Leveraging Nextflow in a distributed cloud infrastructure to analyze genetic data at scale
Mayur Khanna & Benjamin Alexander
The quantity and quality of genetic data has been increasing at an exponential rate over the last few decades. These increases present new challenges for both the storage and analysis of genetic datasets. Systems such as High-Performance Computing (HPC) environments offer increased computational power for genetic analyses but cannot exceed the limitations of the deployed hardware. Further, computational algorithms are increasing in complexity, but parallelization can be difficult and time-consuming to implement. Variability in algorithm implementation, underlying libraries, and hardware stacks can lead to artifacts and unreproducible results.
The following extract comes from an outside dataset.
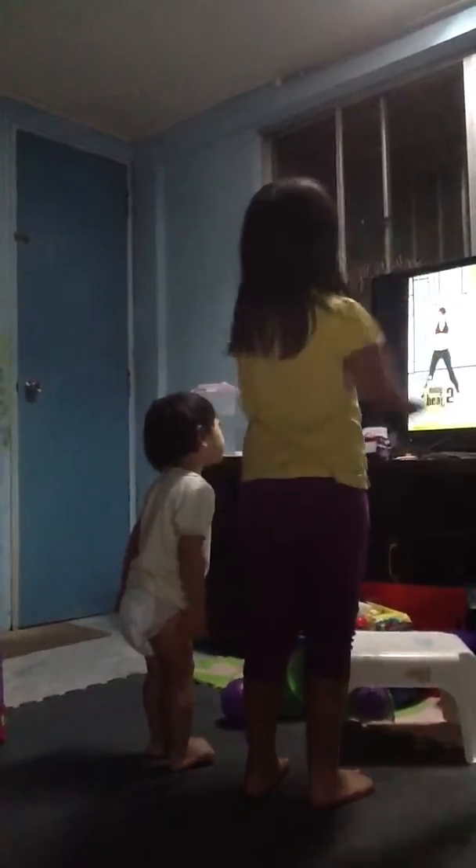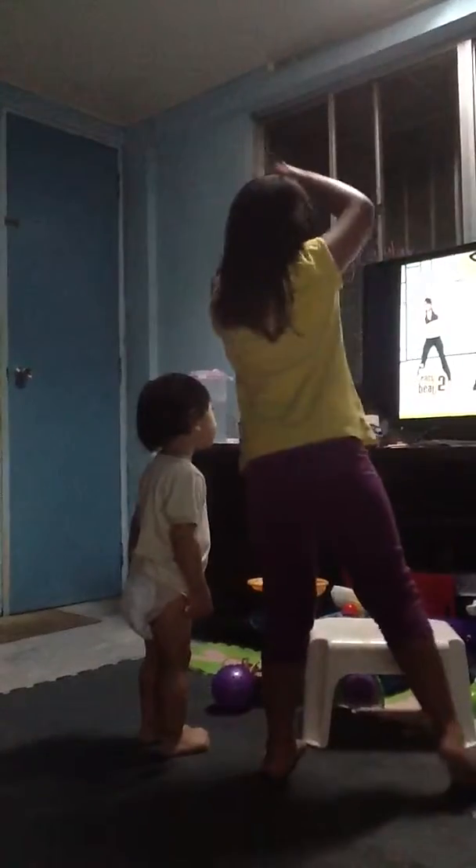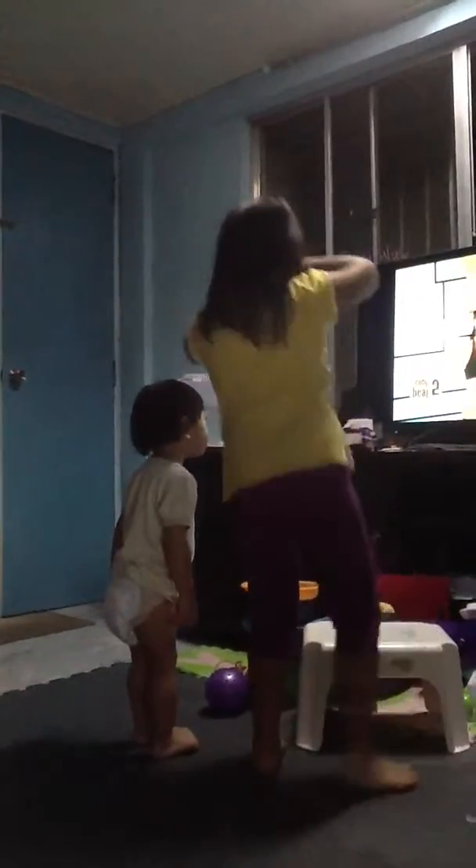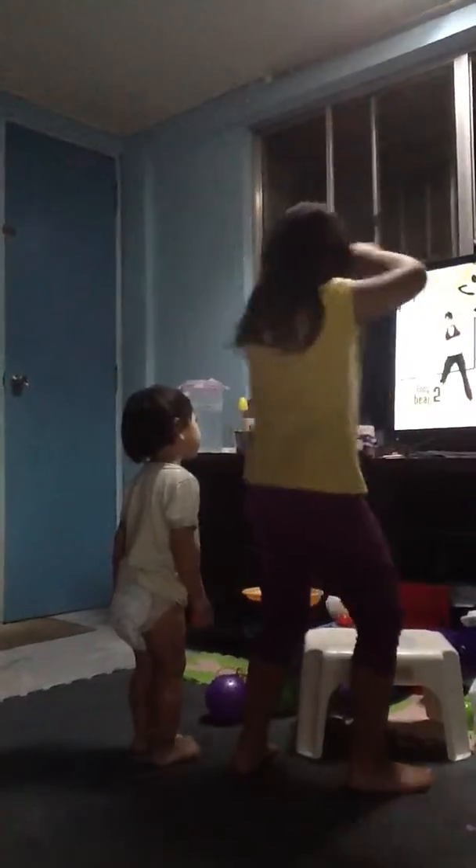So, moving on to easy beat 2, we're going to speed it up a little bit. Ready? 5, 6, 7, 8. Single, single, and double. Good. Single, single, and double. We're also adding sway with our lower body.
To address these challenges, the Genetic Informatics Platform (GIP) harnesses the power of cloud computing to provide a highly scalable framework for scientists to ingest genetic data and to build reproducible workflows. Nextflow managed workflows running within our cloud infrastructure are central to the GIP. Nextflow pipeline execution enables us to run dynamically scaling pipeline jobs at a magnitude not possible on a shared HPC environment. Utilizing this system, we have ingested 35,813 public genome wide association studies, standardized to a common human genome build and integrated into a distributed database cluster. These datasets reference 32,845 distinct traits, across a total of 72 populations. Further, we provide a user interface to query and visualize this database through interactive plotting. A batch processing system driven by Nextflow manages these ingestion pipelines in addition to user defined workflows. The Genetic Informatics Platform allows researchers to conduct reproducible research at a scale necessary to meet the demands of the future of genetic datasets and analysis.